C’est-à-dire que je *sais* pertinemment qu’aucun changement en profondeur ne pourra avoir lieu sans une reconstruction de la société sur d’autres bases que celles prétendument démocrates qui existent dans les principaux pays d’Europe, aux États-Unis, au Canada, et dans d’autres recoins prétentieux du monde (de plus en plus rarement dit libre, curieusement).
Je sais que le capitalisme est une théolog… une idéologie sacrificielle qui ne mène qu’au confort d’une minorité aux dépens d’une majorité pour qui le progrès social est toujours pour demain.
je sais que le libéralisme ne se distinguera jamais du capitalisme et que prétendre le contraire est une supercherie de politicards vides.
Je sais que la démocratie représentative ne connaîtra jamais une véritable concrétisation, car, de démocratie elle n’aura jamais que le nom, ainsi qu’un parti populaire.
Je sais que l’égalité des chances ne signifie que ce que les libéraux de tous poils veulent que cela signifie, autrement dit rien de bon.
Je sais que le salariat, si ce n’est pas l’esclavage, si ce n’est pas la prison, n’en est guère éloigné.
Je sais que l’État par essence cherchera toujours à reproduire et augmenter son pouvoir, jamais à le réduire et encore moins à le remettre à la population.
XXX
Alors, nous voilà devant le dilemme de l’attitude à prendre: celle d’avant et celle de pendant et après la révolution. Car, si je pense que, du jour où je me retrouverai devant le mur des fusillés pour “attitude petit-bourgeoise” dans le cadre de la très ou pas si prochaine révolution -je plaisante, je veux dire au jour de la libération des peuples (et non pas des nations) et des individus (et non pas des personnes), nous aurons une vision plus ou moins commune de la vie libre en coopération, nous devons prendre une position “en attendant”.
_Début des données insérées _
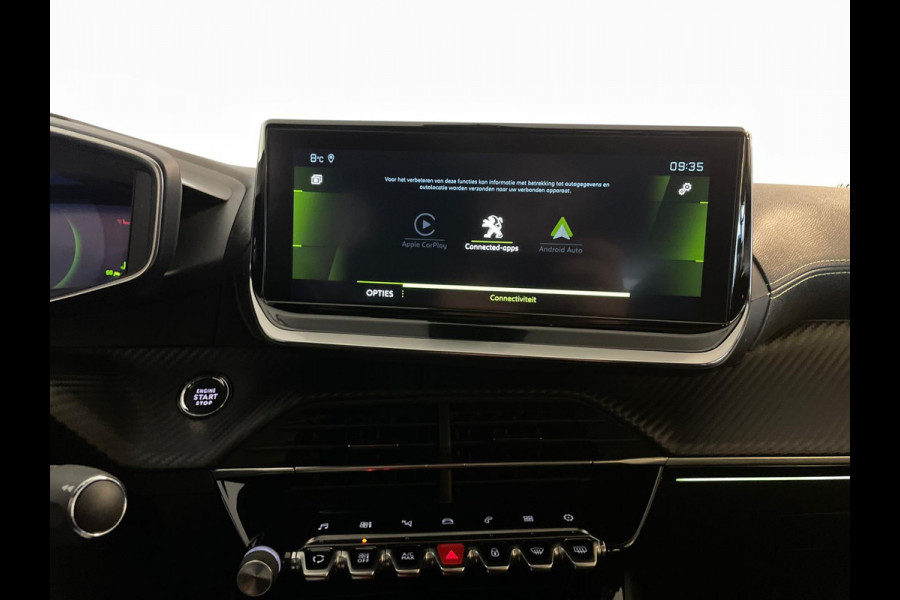 Peugeot 208 1.2 PureTech GT PANO AIRCO NAVI CRUISE BLUETOOTH LED METALLIC BLAUW PRIVACYGLAS ZEER NETTE AUTO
En septembre, comme le dirait Noir Désir…
Ce qui fait que l’on ne peut, d’ici là, prétendre à des solutions miracles, car, de toute façon, à tous nos idéaux, l’État et le capitalisme posent des limites étroites.
Le risque est réel de passer de la politique du pire à la compassion du prêtre… L’équilibre est difficile, la réflexion pointue.
Devons-nous soutenir le travailleur qui risque de perdre son travail ou se féliciter de la fermeture d’une usine à engins de mort?
Avons-nous le droit de juger des hommes qui exercent une profession de “valet de capitalisme”, quand, si l’on y réfléchit un peu, nous contribuons tous ou presque (**ou presque, dis-je**) à sa reproduction?
Et, pour prendre un exemple qui nous a touchés, moi et mes amis, tout récemment, avons-nous le devoir de dénoncer une pratique manifestement reproductrice du patriarcat tout en sachant que, ce faisant, on marginalise les premières victimes de celle-ci (mais avec la volonté, au contraire, de les sauver)? Ou devons-nous tenter d’offrir à celles-ci une possibilité de reconnaissance supérieure pour qu’elles puissent s’organiser mieux -qui sait, en vue d’une remise en question de leur propre activité- même si nous savons que, de ce fait, nous repoussons la lutte contre le patriarcat à plus tard? Je sais que cette définition du problème est limitée, mais on s’y reconnaîtra et on me pardonnera de l’avoir fait pour se concentrer sur la proposition globale de ce post.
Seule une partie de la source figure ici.